On the other, many work beyond their contracted hours.
Northeast High math teacher Julie Nelson, a 14-year veteran, says she used to stay so late grading and planning she would order take-out with the night maintenance crew. Until five years ago, she waitressed at Red Lobster three nights a week.
"I wanted to put money down on a house," she says.
When the federal numbers are broken down, teachers around Tampa Bay earn an average of $25.52 per hour - not as much as computer systems analysts ($28.94) but more than registered nurses ($23.58), accountants ($22.17) and police ($19.87). The average for all workers: $15.94.
Throw in good health and retirement benefits and "teachers don't do too badly," says Richard Vedder, an Ohio University economist whose work is often cited by political conservatives.
Other researchers come to different conclusions.
Last summer, the pro-union Economic Policy Institute reported teachers, on average, earn $116 less per week than workers in 16 comparable professions, including architecture, journalism and computer programming. Since 1996, wages for teachers have grown 0.8 percent, while wages for other workers jumped 12 percent.
The institute says federal data is misleading because it fails to account for teachers' unique work schedules, including many non-contracted work hours.
In a recent national survey, Florida teachers reported working 50.3 hours per week.
Johnson knows what she's up against: The Internet. Cell phones. Hormones.
She must somehow convince students moved by rapper 50 Cent and pop tart Britney Spears that the pilgrims in Chaucer's Canterbury Tales are fascinating, too.
In front of class, she puts a medieval tunic and wig on one student and has her ride a broomstick with a horse's head on it.
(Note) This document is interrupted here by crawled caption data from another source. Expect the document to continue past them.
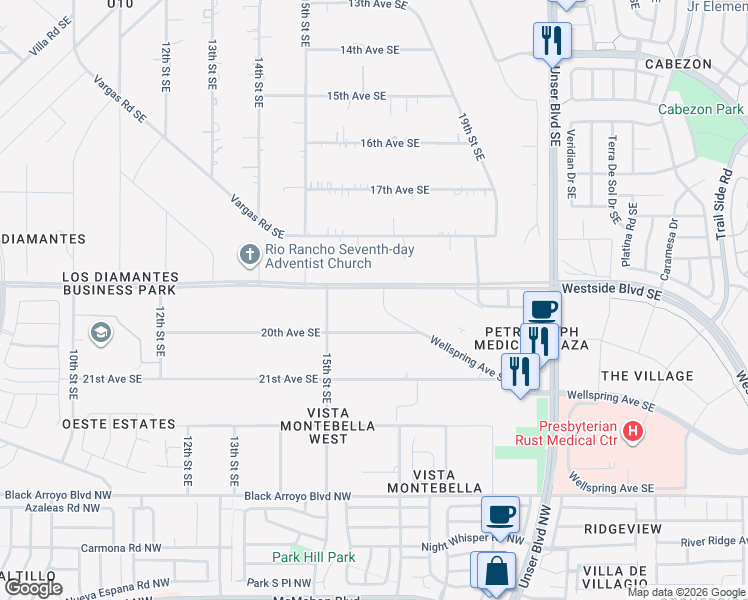 map of restaurants, bars, coffee shops, grocery stores, and more near 1601 Wellspring Avenue Southeast in Rio Rancho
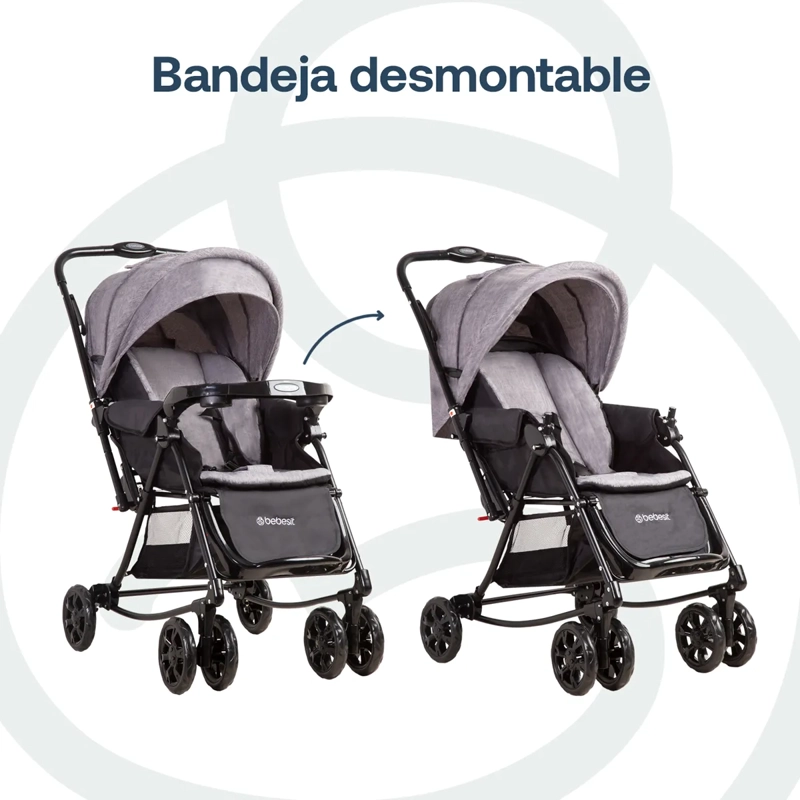 COCHE PASEO BEBE CUNA BALANCIN SX GRIS MELANGE BEBESIT - 5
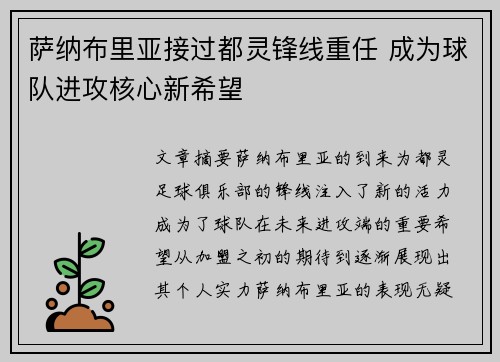 萨纳布里亚接过都灵锋线重任 成为球队进攻核心新希望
She piles books into the student's arms.
Say hello to the Oxford Cleric.
If the dirt-poor cleric was alive today, she'd be camped out at Barnes & Noble and living on Ramen noodles, Johnson says.
The class giggles.
Teaching isn't always fun, Johnson says. All kinds of frustrations play out in today's classrooms. Some days, energy fizzles, even if she won't allow herself to show it.
If you seek to inspire, Johnson says, "You have to be up all the time."
Teacher turnover is epidemic. Nearly half of all new teachers quit within five years, says Richard M. Ingersoll, a University of Pennsylvania education professor.
Pay is a factor.
"People who go into teaching don't check off pay as one of their motives," Ingersoll says. "On the other hand, they get mortgages like everyone else."
In Pinellas, beginning pay is on par with the national average: About $31,000.
But the district's salary schedule - which adjusts pay based on experience and educational background - offers only tiny increases until teachers near their 20th year in service. Raises have been modest, averaging 3.6 percent over the past decade.
"This is where we lose 'em," says Moore, the union head.
Statewide, some 20,000 new teachers are needed every year to pace enrollment growth, meet class size requirements and replace the retiring. But because Florida education colleges are not graduating enough to fill the void, Pinellas and other districts recruit coast to coast.
Even with free sunshine and no state income tax, they say say they're competing on crutches.
In the most recent American Federation of Teachers salary survey, Florida ranked 29th, more than $10,000 behind states in the top 10 and $15,000 behind the leader, California.
Georgia ranked 16th.
Nobody is sure whether the referendum raises will be enough.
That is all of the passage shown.